My kitchen is warm, flooded with light. Coffee is satisfying, sun sparkles— real. Dispelling fantasy the Pug snores, his purple, stuffed elephant sticking out of his mouth. Probably not dreaming of swimming in pools he has no business being in. Most likely dreaming of summer or bacon

 

My geek-crush and all the other men I am playing with right now, are far more admirable than the ones I am healing from. And though I do want to meet a man in this waking life, it is this dream-man, my inner masculine, who calls me. 

 

It is he who I feel night and day and day and night and in those liminal spaces in between. When loneliness rises, I feel him and miss him. It’s a beautiful paradox, for though this inner Adonai cannot hold me, he is showing me how to hold myself and never leave myself behind again. 

 

As we wound up our session, I shared this final insight with my counselor, “There is more and more permeability between my inner and outer world than ever before! The inner love, is at least matching in quality and admiration, the outer reflections, and the thoughts and feelings flow in between, what is dreaming and waking life. It is beautiful and sweet, and it moves me to tears. This is indubitably, the result of all the ways I am opening!” My counselor’s voice, through the phone, warms me, “That’s beautiful, Justice.”

 

Basking in these reflections, at my breakfast table, blue-sky showing through an ice-encrusted northern-facing window, I sip my slowly made mocha and savor it, as I will one day savor a true love. I savor the love that is already mine, the love I cultivate in care, with kindness to myself and others and with a bubbling patience, every day. 

 

A thought plays through my mind…it is Friday! A friend sent me a package that is supposed to arrive today. Just as the thought takes flight, a grumble sounds in the street outside my house. I open the door to find a UPS truck idling, and little square cardboard box resting on the reddish-reclaimed-barn-wood steps of my front porch. 

 

Now, I have an actual gift, as a reward for completing my writing that I get to open! 

 

Talk about permeability! 

 

Is this a sign? If I let myself think gently of my love he will simply appear on my porch, or maybe in the teahouse, or maybe on a hill, or in line at the co-op? Maybe we will meet reaching for a brown-paper-bag to fill with mushrooms, and I will look up and say, “Well, aren’t you a fungi!” And he will laugh because he too, is a dork. Then we will go on talking about all the fun things to do with mushrooms, culinary and otherwise—perhaps! 

 

Those fantasies are fun.

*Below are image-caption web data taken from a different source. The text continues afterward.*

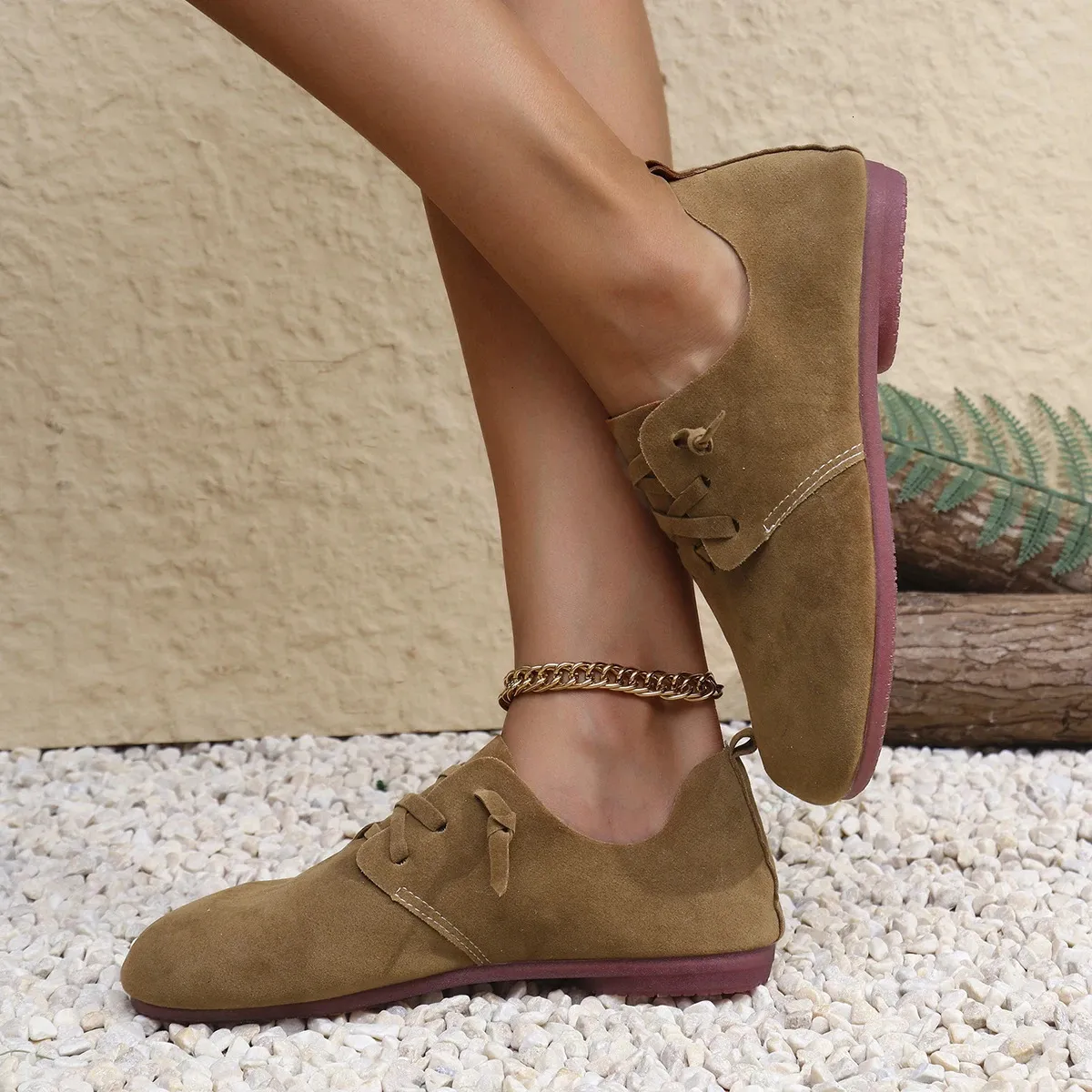 2025 Spring Womens Flat Fashion Round Toe Flats Lightweight Lace-up Sofe Single Shoes Outdoor Casual Sneakers atos_voghion.com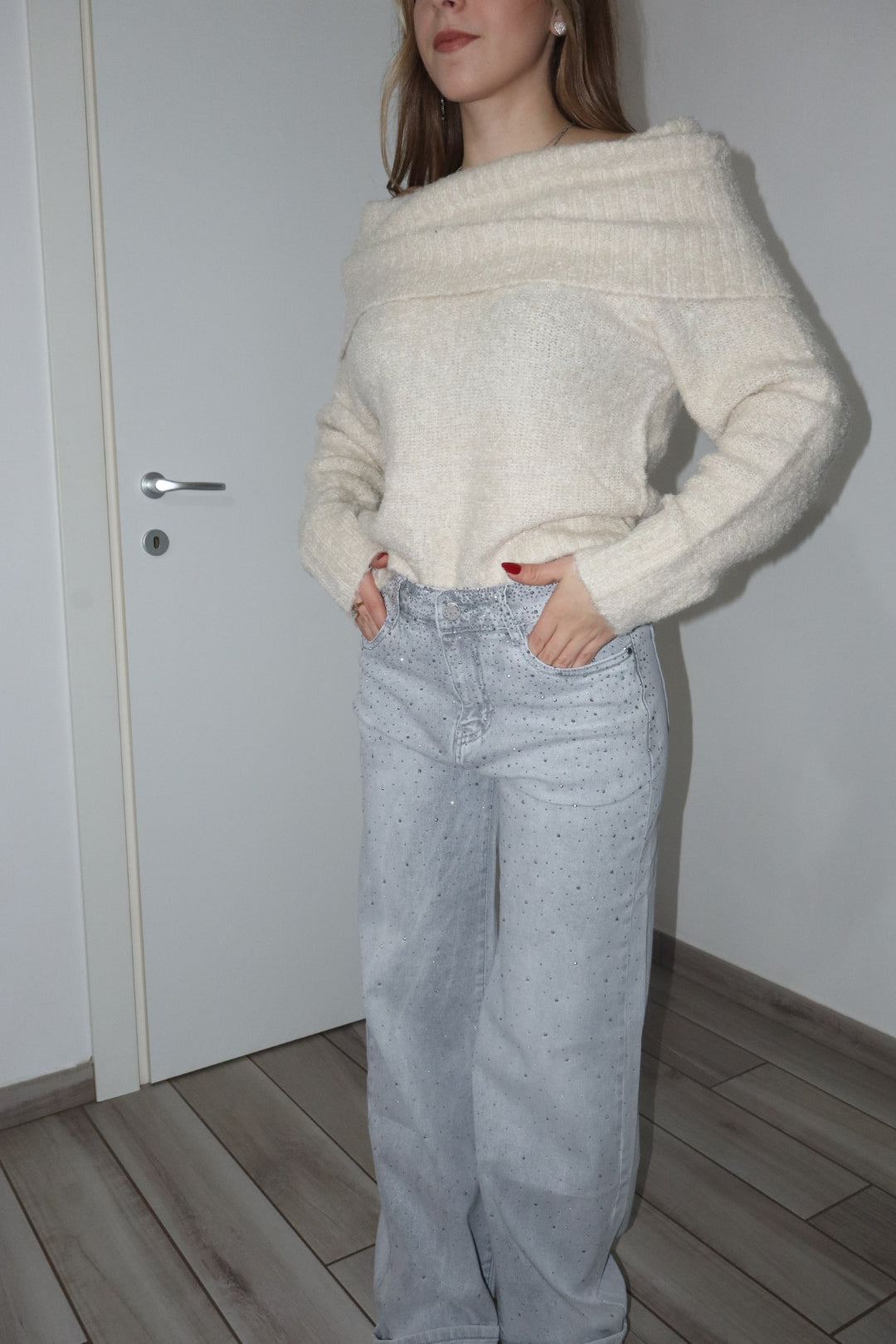 Jeans wide grigio brillantinato
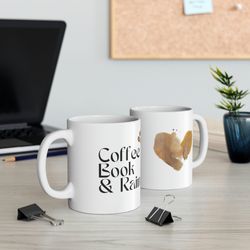 Coffee, books and rain coffee mug, ceramic tea cuppa with cute love design, gift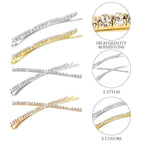 12 Pieces Rhinestone Bobby Pins Decorative Fancy Crystal Hair Clips Shiny Metal X Shaped Barrettes Bling Diamond Wedding Bridal Shower Hair Accessories for Women Ladies Girls (Gold, Silver)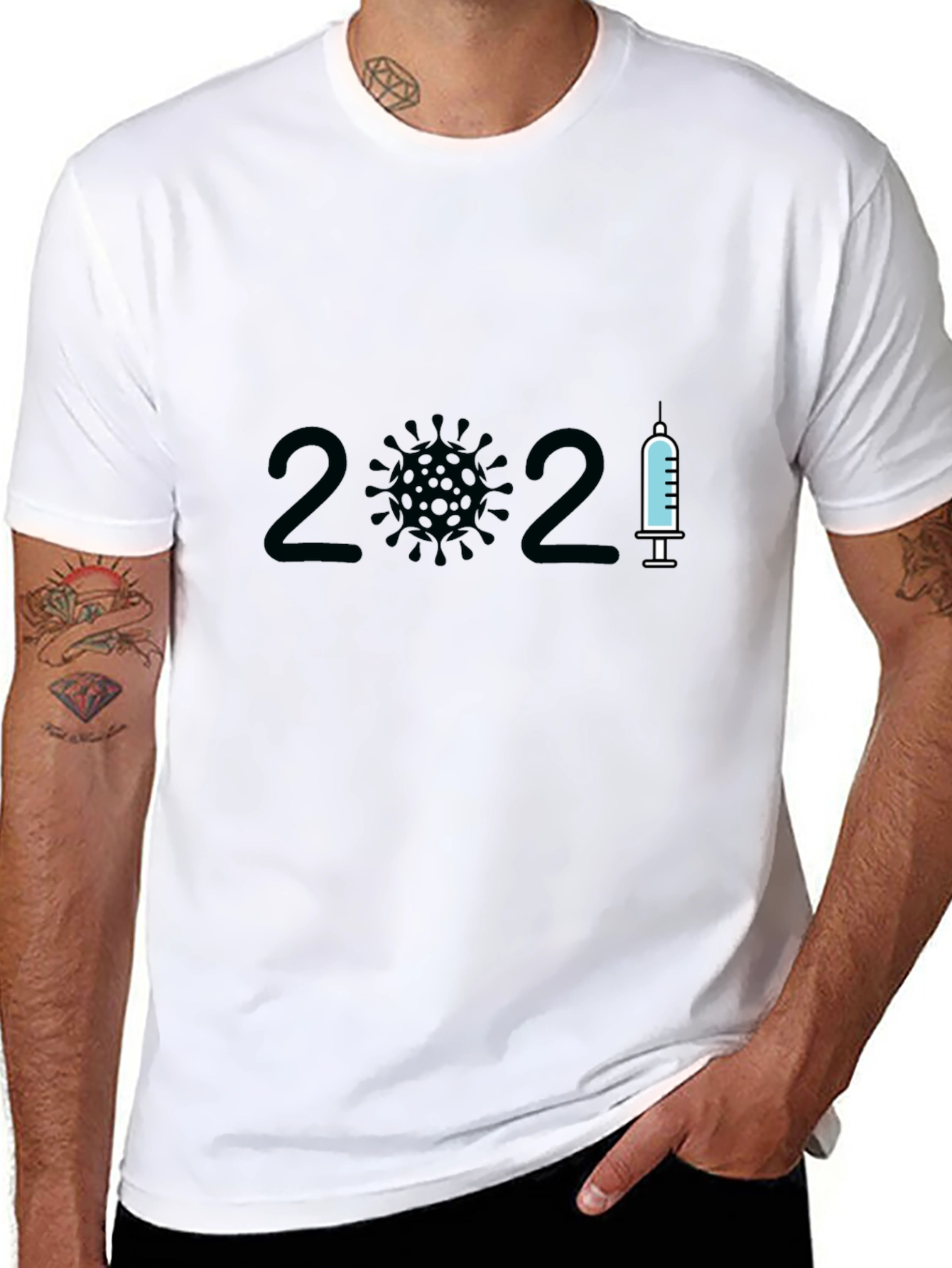2021 Covid Vaccine T-Shirt - Black Crew Neck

My dreams draw me into what I need to see and feel, peeling back the projections and letting me see myself and others more clearly, and with true-heart and appreciation. 

 

My coffee is damn delicious today, patiently percolated, cocoa infused magic. It was well worth waiting for, worth being patient for. 

 

Good coffee, like love requires patience

 

Just as the delicate chocolate fibers cannot be forced through the filter to acquire a faster brew, people need time and care and patience— to open!